§ Directions: The answer must be a single number: how many lines of the records below hold the word "Height".

Brief descriptive captions
BEGIN

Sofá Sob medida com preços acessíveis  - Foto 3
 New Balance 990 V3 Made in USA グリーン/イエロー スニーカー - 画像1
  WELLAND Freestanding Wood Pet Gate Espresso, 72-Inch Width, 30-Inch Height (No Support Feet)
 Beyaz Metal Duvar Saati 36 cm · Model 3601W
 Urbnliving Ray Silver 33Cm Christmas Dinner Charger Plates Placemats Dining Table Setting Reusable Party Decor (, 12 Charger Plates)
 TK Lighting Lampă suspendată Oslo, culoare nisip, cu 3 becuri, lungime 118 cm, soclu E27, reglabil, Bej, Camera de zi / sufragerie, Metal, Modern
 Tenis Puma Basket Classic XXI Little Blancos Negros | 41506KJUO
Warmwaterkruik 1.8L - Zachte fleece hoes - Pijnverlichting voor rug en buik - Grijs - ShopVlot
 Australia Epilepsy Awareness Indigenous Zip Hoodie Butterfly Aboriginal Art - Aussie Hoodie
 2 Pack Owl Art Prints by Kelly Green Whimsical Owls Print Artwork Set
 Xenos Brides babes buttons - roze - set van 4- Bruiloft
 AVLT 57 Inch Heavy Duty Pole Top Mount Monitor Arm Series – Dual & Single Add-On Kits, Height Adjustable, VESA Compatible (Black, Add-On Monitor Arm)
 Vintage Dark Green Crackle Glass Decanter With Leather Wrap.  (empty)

END

§ Output below: 2